Thinking about Tom

A prophetic voice

Hayden with papers

Hayden pulls some notes on Vietnam. (Image: Roger Hart, Michigan Photography.)

Always at the edge of the possible and the visionary. Ever able to formulate our best hopes and fears into language that elevated and instructed. Baseball fan. Wanting to recast the radical tradition into American idiom and take it out of the hands of sectarians. Willing to be, as our friend Jack Newfield put it, in a prophetic minority but always looking for the route to majoritarian progress.

It was Tom who found the “phrase participatory democracy” in another of our friend’s work, Professor Arnie Kaufman, and made it an anthem. If Carl Oglesby was the one who took the English language and in his eloquence fueled the anti-war movement, it was Tom and others of our cohort who strategized that movement and led it to a kind of victory in the ‘70s.

When Tom came to Ann Arbor after the summer of 1961, impressed with Berkeley’s SLATE political party, he and Ken McEldowney and Andy Hawley initiated the VOICE political party. Then, Sharon Jeffrey and I led VOICE into SDS and won seats on the student government. VOICE became SDS’ largest chapter with broadest campus support. It was Tom who had the vision of student political parties as a democratic vehicle for progressive agitation.

Making a statement

When Tom was drafting the Port Huron Statement, Al Haber and I were nominally on the drafting committee with him. He would send us ideas and pieces and reports of what he was reading. We were pretty much the cheering section. When we worked on it at Port Huron’s AFL-CIO camp it was Tom who devised the means of having a democratic discussion of a very large document; the division of it into debatable bones for which a larger drafting committee would finalize the mandated flesh.

Hayden beating

White supremacists pull Hayden from a stopped car and beat him in McComb, Miss., 1961. (Image courtesy of the Tom Hayden Papers held at the University of Michigan Library.)

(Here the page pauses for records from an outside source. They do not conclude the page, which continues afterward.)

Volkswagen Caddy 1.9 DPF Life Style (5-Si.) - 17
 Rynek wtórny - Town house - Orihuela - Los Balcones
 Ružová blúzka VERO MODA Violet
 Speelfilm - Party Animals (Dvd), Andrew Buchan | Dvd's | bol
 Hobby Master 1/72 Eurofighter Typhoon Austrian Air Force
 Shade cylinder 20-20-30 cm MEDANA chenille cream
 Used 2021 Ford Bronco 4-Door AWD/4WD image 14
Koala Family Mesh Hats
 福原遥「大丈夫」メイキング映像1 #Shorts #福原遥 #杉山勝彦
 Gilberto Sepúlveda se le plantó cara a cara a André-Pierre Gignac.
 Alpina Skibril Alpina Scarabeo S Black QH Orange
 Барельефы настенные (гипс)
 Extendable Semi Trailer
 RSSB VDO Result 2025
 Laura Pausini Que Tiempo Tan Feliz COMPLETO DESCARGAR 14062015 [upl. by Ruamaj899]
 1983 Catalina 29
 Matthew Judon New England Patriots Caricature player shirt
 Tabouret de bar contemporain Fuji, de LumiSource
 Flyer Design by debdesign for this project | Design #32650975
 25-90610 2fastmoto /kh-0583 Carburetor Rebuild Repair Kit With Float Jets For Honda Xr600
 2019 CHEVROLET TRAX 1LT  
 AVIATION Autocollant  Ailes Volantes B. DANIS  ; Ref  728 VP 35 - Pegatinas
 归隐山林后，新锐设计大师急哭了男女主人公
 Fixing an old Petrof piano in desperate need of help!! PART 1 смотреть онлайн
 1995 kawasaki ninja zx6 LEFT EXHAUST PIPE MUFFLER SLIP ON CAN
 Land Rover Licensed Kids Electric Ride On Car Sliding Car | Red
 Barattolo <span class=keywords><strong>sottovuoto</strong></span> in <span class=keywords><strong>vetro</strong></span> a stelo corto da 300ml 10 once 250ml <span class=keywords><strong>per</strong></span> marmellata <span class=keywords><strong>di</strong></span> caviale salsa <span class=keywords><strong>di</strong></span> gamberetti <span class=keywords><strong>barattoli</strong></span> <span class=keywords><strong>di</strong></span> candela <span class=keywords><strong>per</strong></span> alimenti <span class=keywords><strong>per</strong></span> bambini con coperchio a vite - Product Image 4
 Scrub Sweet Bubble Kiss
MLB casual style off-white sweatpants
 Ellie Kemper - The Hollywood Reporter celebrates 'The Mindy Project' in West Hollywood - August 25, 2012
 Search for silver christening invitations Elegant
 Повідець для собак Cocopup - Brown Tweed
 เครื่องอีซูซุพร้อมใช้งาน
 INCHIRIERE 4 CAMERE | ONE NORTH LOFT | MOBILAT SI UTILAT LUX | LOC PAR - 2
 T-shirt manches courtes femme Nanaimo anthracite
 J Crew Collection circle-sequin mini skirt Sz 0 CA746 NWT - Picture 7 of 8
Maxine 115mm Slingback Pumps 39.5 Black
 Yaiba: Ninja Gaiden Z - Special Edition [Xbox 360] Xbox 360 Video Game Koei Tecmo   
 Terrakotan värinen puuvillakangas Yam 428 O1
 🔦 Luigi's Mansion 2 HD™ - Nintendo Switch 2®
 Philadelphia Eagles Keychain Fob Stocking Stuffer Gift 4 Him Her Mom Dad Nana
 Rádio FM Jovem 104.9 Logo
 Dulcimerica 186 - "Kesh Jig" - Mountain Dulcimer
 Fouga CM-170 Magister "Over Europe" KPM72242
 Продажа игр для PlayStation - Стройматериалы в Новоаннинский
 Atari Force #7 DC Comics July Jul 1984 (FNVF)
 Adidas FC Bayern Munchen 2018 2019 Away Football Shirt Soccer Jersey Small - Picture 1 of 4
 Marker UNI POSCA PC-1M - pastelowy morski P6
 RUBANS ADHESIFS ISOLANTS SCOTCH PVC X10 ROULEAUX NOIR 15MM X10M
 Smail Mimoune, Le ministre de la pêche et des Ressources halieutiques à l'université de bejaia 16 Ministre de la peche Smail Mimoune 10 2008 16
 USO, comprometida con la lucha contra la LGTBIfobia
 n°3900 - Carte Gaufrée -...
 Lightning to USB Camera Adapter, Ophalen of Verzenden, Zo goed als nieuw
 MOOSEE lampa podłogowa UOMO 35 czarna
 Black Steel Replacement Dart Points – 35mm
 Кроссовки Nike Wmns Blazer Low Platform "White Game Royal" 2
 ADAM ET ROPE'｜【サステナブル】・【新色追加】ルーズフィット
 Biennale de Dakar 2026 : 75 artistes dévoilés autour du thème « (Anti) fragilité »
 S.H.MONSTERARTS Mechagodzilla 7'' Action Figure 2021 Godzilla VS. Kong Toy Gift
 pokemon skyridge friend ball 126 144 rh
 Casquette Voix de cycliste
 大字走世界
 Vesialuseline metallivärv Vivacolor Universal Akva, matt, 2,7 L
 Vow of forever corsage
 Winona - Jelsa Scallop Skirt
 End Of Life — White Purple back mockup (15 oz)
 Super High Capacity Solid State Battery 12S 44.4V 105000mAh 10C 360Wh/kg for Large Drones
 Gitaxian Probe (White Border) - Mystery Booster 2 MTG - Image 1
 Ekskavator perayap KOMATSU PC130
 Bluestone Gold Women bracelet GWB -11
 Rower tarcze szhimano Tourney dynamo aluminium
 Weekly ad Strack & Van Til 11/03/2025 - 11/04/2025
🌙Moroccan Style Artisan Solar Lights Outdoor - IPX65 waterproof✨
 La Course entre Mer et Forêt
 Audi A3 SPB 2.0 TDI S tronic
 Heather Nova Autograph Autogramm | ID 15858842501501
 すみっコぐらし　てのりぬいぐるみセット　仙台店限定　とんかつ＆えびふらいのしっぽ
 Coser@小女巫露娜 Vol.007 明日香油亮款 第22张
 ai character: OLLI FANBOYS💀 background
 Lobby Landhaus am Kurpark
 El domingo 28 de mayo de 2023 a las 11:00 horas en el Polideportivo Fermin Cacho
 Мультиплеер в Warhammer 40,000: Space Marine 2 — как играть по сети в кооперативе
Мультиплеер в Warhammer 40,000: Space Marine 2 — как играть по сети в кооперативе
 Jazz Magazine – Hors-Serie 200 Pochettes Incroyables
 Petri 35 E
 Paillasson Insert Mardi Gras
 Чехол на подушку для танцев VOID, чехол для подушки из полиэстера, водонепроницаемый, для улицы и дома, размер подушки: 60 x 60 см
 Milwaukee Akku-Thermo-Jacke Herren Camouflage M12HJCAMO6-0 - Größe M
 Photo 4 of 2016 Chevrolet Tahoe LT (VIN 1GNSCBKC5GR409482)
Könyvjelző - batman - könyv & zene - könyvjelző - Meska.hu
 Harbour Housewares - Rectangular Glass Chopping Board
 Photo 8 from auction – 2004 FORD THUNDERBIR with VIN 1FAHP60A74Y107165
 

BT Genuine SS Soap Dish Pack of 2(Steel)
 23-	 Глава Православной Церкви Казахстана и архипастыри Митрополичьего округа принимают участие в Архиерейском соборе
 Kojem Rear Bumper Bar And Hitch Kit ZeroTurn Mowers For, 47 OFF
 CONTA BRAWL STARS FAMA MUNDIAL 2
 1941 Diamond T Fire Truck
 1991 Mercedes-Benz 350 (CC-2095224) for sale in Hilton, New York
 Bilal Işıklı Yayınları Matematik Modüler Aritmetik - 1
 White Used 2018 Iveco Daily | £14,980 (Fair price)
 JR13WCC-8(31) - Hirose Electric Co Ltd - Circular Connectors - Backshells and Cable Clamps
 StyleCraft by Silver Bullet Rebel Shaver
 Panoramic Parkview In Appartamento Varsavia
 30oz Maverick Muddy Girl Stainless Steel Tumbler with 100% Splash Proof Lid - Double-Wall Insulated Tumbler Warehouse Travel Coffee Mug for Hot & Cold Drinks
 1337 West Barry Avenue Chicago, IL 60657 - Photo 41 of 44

In retrospect, amidst all the serious work (and, as the Vietnam War wore on, increasingly grim work), there were some moments of hilarity. On the night of the big anti-war demonstrations during the 1968 Chicago Democratic National Convention, Tom was concerned that members of the Chicago Police Department would try to kill him. As the rally in Grant Park ended and demonstrators began the technically forbidden march through downtown, Tom and I got into the car of a journalist and with his press pass as a passport, got through the police lines and out of the park. Back on the South Side at my apartment, Tom used theatrical glue to apply a false beard; then he put on the hat I used for fishing as a way to disguise himself. We returned in our magic carpet press car to Michigan Avenue to take up the march. As I recall it in my mind’s eye, in his disguise he looked just like Tom Hayden in a silly get-up.

Thinking about our current situation I am reminded that when Tom ran for Senate in California, he created an organization called the Campaign for Economic Democracy and used that idea to signify egalitarian policies that would still be relevant. And in his last few years his newsletter kept referring to The Long War – a term he used for the whole disastrous Middle Eastern theatre.

A the beginning of our era and until the end of his life, Tom had a prophetic voice. That voice, needed now so very much, will be sorely missed.

— Robert J.S. “Bob” Ross, LSA ’63

Ross is a research professor of sociology at Clark University (Worcester, Mass.) and its Mosakowski Institute for Public Enterprise. He is the author of the book Slaves to Fashion: Poverty and Abuse in the New Sweatshops (2004).